Le
Monde, 28/05/1992
DEBAT
Survivrons-nous à la Yougoslavie ?
Par Pascal Bruckner
PLUS
jamais ça ! L'Europe d'après 1945 a été bâtie
sur ce serment : jamais plus de conflits armés, de persécutions,
de massacres sur le sol européen. Et la réconciliation franco-allemande
avait d'abord ce sens fondamental : mettre la guerre hors la loi, régler
tous les litiges entre nations par des pourparlers, des compromis. Or, depuis
un an, nous assistons au retour du cauchemar que nous avions cru conjuré
pour toujours ; depuis un an, l'armée serbo-fédérale et le
gouvernement de Slobodan Milosevic rejouent, à échelle réduite,
la deuxième guerre mondiale, la dimension génocidaire en moins (même
si l'on parle beaucoup à Belgrade en ce moment de " solution finale
" pour le Kosovo).
Des scènes
d'horreur inimaginables ont lieu à deux heures d'avion de Paris : des villes
et des villages sont rasés, des populations terrorisées et forcées
au départ, des camps de concentration érigés, des prisonniers
exécutés du seul fait qu'ils ont eu le tort de naître musulmans,
croates, hongrois ou albanais. Depuis un an, nous tolérons passivement
le pire, et nous le tolérerions encore si l'Amérique, et elle seule
encore une fois, n'avait tapé du poing et décidé que la barbarie
serbe avait assez duré.
Sauver
l'honneur
Depuis
un an, une avalanche d'arguments fallacieux sont avancés par les gouvernements
européens pour ne rien faire : les peuples de l'ex-Yougoslavie seraient
des tribus animées uniquement par la haine et la cruauté et menant
une guerre primitive. Sous prétexte de dissuader l'éveil des nationalismes
en Europe centrale, on a cru bon de mettre sur le même plan la victime et
l'agresseur (exercice dans lequel l'intelligentsia française a excellé
avec une rare bêtise). Ce faisant, on a encouragé l'agresseur, lequel,
fort de son impunité, se croit autorisé à tout régler
par les armes et à porter le fer et le feu où bon lui semble dans
la région.
Pouvait-on
rêver contresens plus merveilleux, aveuglement plus fatal : on a donc renforcé
le nationalisme du plus puissant, à savoir de Belgrade (au risque de donner
un très mauvais exemple aux pays de l'ex-URSS, peut-être tentés
de suivre à leur tour ce modèle militariste et ultrachauvin). Or,
quelles que soient les réserves que nous inspirent les gouvernements de
Croatie et de Bosnie, ils comportent une différence fondamentale avec celui
de Belgrade : ils n'ont pas voulu la guerre, ils ont tout fait pour l'éviter.
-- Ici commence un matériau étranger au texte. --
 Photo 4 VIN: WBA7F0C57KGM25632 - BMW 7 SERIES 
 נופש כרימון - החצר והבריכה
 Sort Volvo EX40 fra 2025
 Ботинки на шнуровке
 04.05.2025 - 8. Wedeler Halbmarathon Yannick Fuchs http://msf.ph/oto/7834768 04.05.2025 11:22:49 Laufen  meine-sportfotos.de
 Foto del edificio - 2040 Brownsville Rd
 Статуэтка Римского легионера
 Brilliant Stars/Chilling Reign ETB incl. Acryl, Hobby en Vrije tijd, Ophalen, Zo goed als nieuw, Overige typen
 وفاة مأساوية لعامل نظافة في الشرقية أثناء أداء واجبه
Et pour cause, puisqu'ils sont les plus faibles. Par ses atermoiements, sa lâcheté,
l'Europe s'est révélée un gigantesque ectoplasme, enivré
de formules creuses et noyé dans sa propre impuissance.
On peut
tempêter à loisir contre l'Oncle Sam, sa culture décadente
et ses velléités impérialistes ; il n'empêche que,
dans les situations d'exception, l'Amérique est seule capable de prendre
les vraies décisions. Avant-hier, dans la lutte contre le nazisme, hier
contre les Soviétiques, puis lors de la crise du Golfe. Sans Washington,
hélas, nos libertés politiques ne pèseraient rien, et l'idée
européenne est peut-être morte sur un champ de bataille quelque part
entre Vukovar et Sarajevo.
Il est
encore temps de sauver l'honneur et, aux côtés des Américains,
de tout faire afin d'isoler, réduire, écraser, au besoin par la
force, le régime de Milosevic avec ses rêves de purification ethnique,
son goût du martyre et du sang, ses fureurs guerrières. D'abord pour
que la paix revienne dans les Balkans. Ensuite pour le peuple serbe lui-même,
momentanément égaré, et qui mérite un autre destin.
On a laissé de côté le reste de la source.